Mr. Woody Johnson, Mr. Rex Ryan, members of the Jets Insider staff, the distinguished guests of the Landing Strip, the lovely ladies of the Flight Crew and fellow citizens of Jets Nation.
Tonight I want to begin by congratulating the New York Jets on the successful endeavors of their season thus far. And as we mark this occasion, the first ever JetsInsider.com State of the Nation address, I would also like to be mindful of those endeavors that have been considered a failure. It is with high hopes that citizens of Jets Nation wish the team learns from these failures and use them to continue their guarantee of bringing the Lombardi Trophy through the Canyon of Champions.
It’s no secret that this 2011-12 team has had its share of adversity to overcome.

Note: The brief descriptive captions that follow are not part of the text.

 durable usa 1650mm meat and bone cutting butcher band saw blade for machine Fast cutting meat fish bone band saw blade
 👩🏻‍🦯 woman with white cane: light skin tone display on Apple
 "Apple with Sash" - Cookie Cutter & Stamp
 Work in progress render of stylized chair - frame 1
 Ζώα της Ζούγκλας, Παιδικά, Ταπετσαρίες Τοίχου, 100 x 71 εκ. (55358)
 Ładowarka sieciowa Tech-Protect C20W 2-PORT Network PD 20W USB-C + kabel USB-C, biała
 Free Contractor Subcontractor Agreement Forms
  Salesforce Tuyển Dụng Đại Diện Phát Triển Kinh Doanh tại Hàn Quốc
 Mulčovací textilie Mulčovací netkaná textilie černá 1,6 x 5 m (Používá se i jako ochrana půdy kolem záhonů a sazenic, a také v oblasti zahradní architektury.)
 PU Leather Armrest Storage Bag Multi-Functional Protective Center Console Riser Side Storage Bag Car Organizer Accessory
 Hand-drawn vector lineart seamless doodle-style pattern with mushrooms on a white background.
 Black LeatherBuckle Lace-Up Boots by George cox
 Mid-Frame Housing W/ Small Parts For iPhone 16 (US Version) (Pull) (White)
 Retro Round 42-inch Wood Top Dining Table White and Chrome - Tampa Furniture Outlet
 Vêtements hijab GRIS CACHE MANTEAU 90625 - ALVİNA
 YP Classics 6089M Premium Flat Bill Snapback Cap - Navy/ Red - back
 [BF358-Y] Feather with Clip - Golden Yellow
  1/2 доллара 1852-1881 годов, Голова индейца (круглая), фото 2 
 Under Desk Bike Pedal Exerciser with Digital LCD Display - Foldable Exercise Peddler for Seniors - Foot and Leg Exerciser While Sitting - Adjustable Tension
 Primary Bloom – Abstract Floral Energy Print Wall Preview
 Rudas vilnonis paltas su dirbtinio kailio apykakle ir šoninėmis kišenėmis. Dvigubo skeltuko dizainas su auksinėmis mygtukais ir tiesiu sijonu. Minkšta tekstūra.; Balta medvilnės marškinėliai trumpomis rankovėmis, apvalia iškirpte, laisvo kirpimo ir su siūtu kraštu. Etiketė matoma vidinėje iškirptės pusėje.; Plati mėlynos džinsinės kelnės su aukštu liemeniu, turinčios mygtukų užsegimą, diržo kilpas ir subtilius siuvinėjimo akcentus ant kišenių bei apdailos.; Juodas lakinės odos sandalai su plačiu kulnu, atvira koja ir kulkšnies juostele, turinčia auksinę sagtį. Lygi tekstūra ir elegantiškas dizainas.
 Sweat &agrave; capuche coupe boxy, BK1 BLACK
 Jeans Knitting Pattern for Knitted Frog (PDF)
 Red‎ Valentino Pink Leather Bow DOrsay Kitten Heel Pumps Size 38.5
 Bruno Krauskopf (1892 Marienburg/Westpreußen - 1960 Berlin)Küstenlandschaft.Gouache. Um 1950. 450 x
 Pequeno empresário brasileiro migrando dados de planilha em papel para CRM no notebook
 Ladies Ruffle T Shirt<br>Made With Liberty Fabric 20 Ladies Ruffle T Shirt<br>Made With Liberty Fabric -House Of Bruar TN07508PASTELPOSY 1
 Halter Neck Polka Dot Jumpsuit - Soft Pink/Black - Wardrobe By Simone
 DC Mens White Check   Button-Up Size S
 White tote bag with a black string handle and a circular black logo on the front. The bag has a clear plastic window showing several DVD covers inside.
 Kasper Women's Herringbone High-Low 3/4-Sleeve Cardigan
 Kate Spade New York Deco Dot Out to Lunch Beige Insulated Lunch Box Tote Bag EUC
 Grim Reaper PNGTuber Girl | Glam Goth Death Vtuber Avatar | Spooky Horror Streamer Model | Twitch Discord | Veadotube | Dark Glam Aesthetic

The debates have been endless; Mark Sanchez or Brian Schottenheimer, the offensive line or the running game, Bart Scott or the safeties. Many fingers have been pointed, names called out and blood boiling in the pressure cooker of the Big Apple. But, my friends, all those are the ingredients of a hard-nosed, battle-tested, championship-ready team. I ask you, how many wars were won without adversity? How many achievements reached without an obstacle to hurdle? That’s what makes being a winner so satisfying — vanquishing hardships to end up more resolute and stoic.
And it is on the day after Thanksgiving — a day that symbolizes family, unity and togetherness — that the State of the Nation address is to be given; to remind those who have forgotten that team’s are not defined by half of their work. They are defined by their entire season, one that has currently yet to be played out. It has happened far too often in recent history for us to continue to remain pessimistic. In 2009, at 4-6 with a rookie quarterback and first-year head coach, the Jets rattled off a 5-1 record to propel their way into the playoffs for a run to the AFC Championship game. In 2010, they lost two straight following Thanksgiving only to beat Pittsburgh and Buffalo to get the last wild card spot.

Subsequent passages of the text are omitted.